In addition, testing of virus-specific T cells has been suggested to enhance the predictive value of PCR detection of EBV viral loads in transplant patients at risk for PTLDs.^1,88,89  In the context of HHV8-associated posttransplantation diseases, further investigations on prospective cohorts are required to support any firm recommendations for the use of immunologic monitoring. However, we suggest that clinicians start exploiting a HHV8-specific T-cell monitoring in their daily practice (where already available) as a specific tool to complement HHV8 DNA quantifications, at least in the PT-KS setting (Table 1). Indeed, HHV8-specific IFNγ-ELISPOT may be readily useful to identify patients with an actual risk to develop PT-KS, either during asymptomatic follow-up or during postremission phase. Basically, in the clinical care decision making for HHV8⁺ posttransplant patients (Figure 4), the absence of HHV8-specific T-cell responses should suggest to attempt a preemptive reduction of immunosuppressive therapy, to possibly allow the recovery of the protective immunity and prevent PT-KS outgrowth or relapse.

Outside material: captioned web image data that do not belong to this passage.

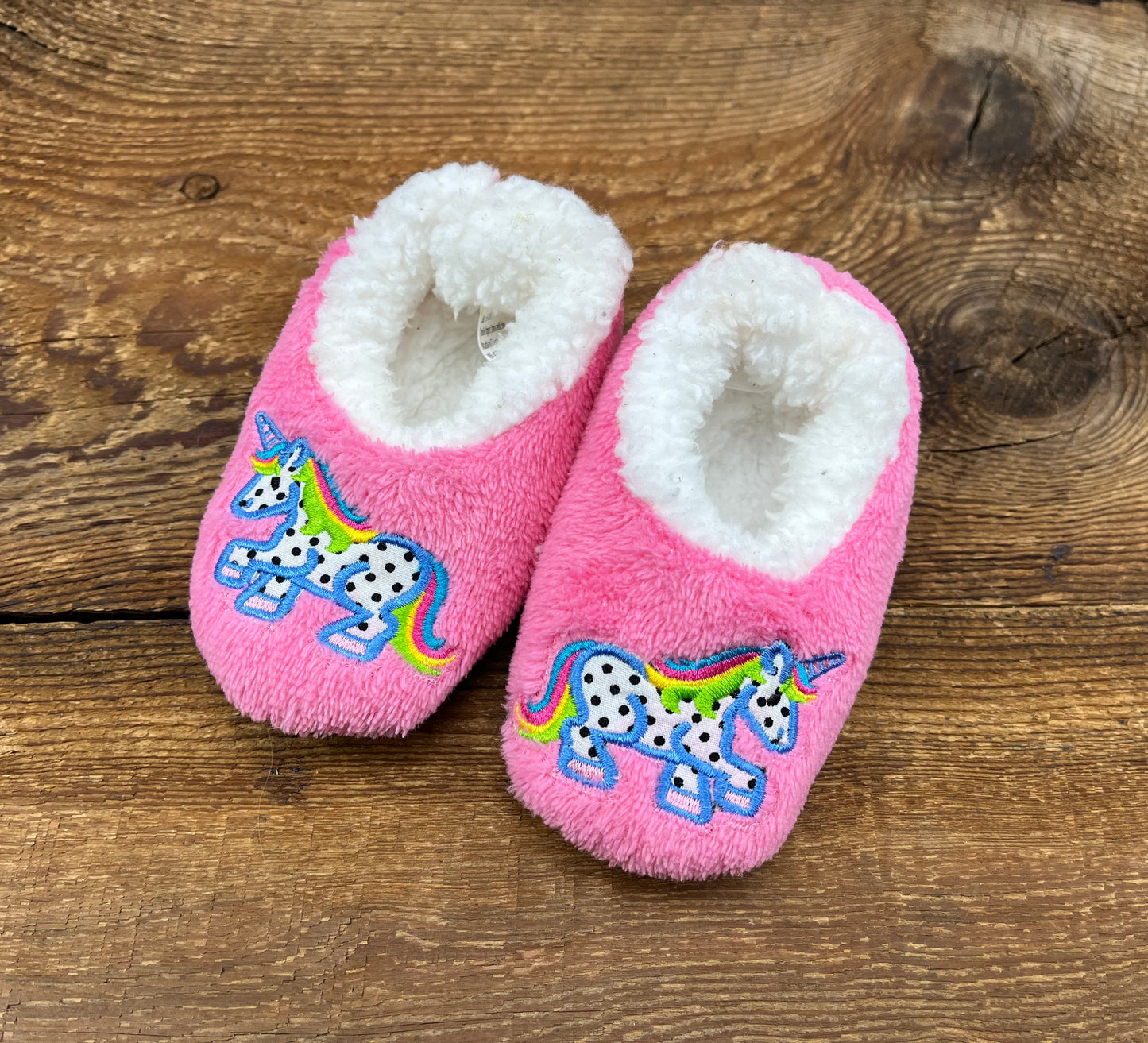 Snoozies 6-12M Unicorn Slippers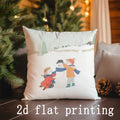 Axyaa Christmas Cartoon Pillowcases - Festive Home Decor Cushion Cover
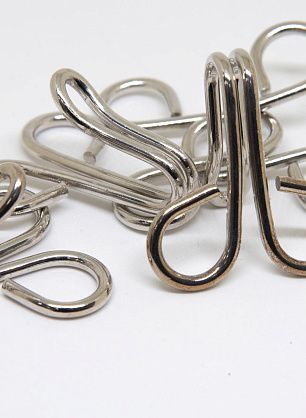 Крючок металл серебро - в интернет-магазине тканей Тессутидея арт. F-4540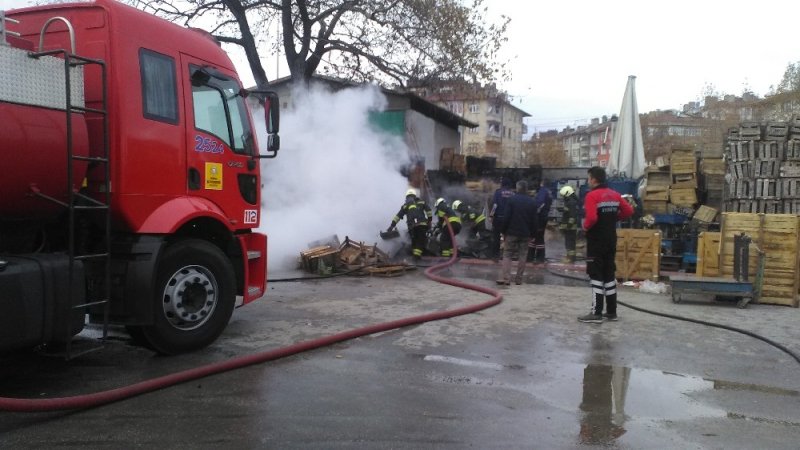 Sebze Halinde Yangın Paniği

As in many rare and relatively newly recognized diseases, standard therapeutic approaches in HHV8-related complications have yet to be acquired, and the therapeutic evidence mainly relies on small case series, sporadic clinical reports, and personal experience (level of evidence: III, according to the US Preventive Services Task Force system; Table 1). In clinical management of SOT patients, our personal algorithm for diagnosis, monitoring, and treatment of HHV8-associated diseases is outlined in Figure 4. In our opinion, either cautious decrease or complete withdrawal of immunosuppressive therapy should ideally represent the first timely provision in the clinical management of all HHV8-related neoplastic and non-neoplastic diseases (III). Indeed, even partial restore of a normal immunity, and, putatively, of protective HHV8-specific T cells, may turn to be clinically relevant in all these contexts. However, the risk of allograft rejection often hinders the clinical feasibility of such strategy. Anti-HSV agents that have been demonstrated effective against HHV8 (eg, cidofovir, foscarnet, ganciclovir, or valgancyclovir)^90,91  may offer a valuable treatment to reduce HHV8 viremia and possibly contribute to control diseases presenting with high levels of HHV8 replication (typically PT-LPDs)^62,92  (III). In addition, prophylactic or preemptive treatments with specific antivirals could be useful to lower the incidence of posttransplantation HHV8-related complications. Prophylactic courses with ganciclovir have been suggested to decrease the number of primary clinical HHV8 infections in seronegative patients receiving HHV8⁺ allografts (II-2),³⁴  whereas in patients with asymptomatic but persistently high HHV8 viremia, the preemptive role of antiviral therapy should be further investigated (III). However, cytotoxic chemotherapy, as well as surgical excision and radiation therapy, are still the most common treatments for PT-KS and other HHV8-related malignancies (II-3).^7,75,79  More recently, therapeutic potentials of anti-CD20 monoclonal antibody (rituximab) have started to be revealed not only for MCD³  but also for non-neoplastic pathologies associated with HHV8-driven plasmacytic proliferations (III).⁷² 

Modifications of the immunosuppressive therapy have largely appeared to be useful in the therapeutic management of PT-KS patients because long-term tumor remissions can commonly be achieved by the sole reduction (or discontinuation) of the immunosuppression (II-3).^7,75,79  In addition, the switch of immunosuppressive regimen from CNIs to mTOR inhibitors (mainly sirolimus) has been reported to induce dramatic KS regressions,^80,81  together with the recovery of HHV8-specific T cells (II-3).⁸³  However, switching to sirolimus may be ineffective or transiently effective in patients with severe PT-KS, particularly if not timely and abruptly performed, as suggested by the report of Lebbè et al in a series of 14 patients, showing 5 refractory cases and 3 disease progressions after partial response.⁹³ 

According to our clinical practice, we tend to use a stratified approach, using single-agent liposomal anthracycline infusions (20 mg/m²),⁹⁴  in association with modifications of immunosuppression, as front-line therapy for disseminated aggressive PT-KS. In localized skin KS, the switch from CNI- to sirolimus-based immunosuppressive regimens is the first option, while reserving chemotherapy as salvage treatment for refractory or relapsing diseases, despite the reduction of the immunosuppressive levels. In addition, we also consider surgical excision, and, to a lesser extent, electro-chemotherapy,^95,96  for limited cutaneous PT-KS lesions, refractory to the changes of immunosuppressive regimen. Radiotherapy has largely been abandoned at our center because of persistently associated local side effects (eg, edema, ulcerative lesions; III).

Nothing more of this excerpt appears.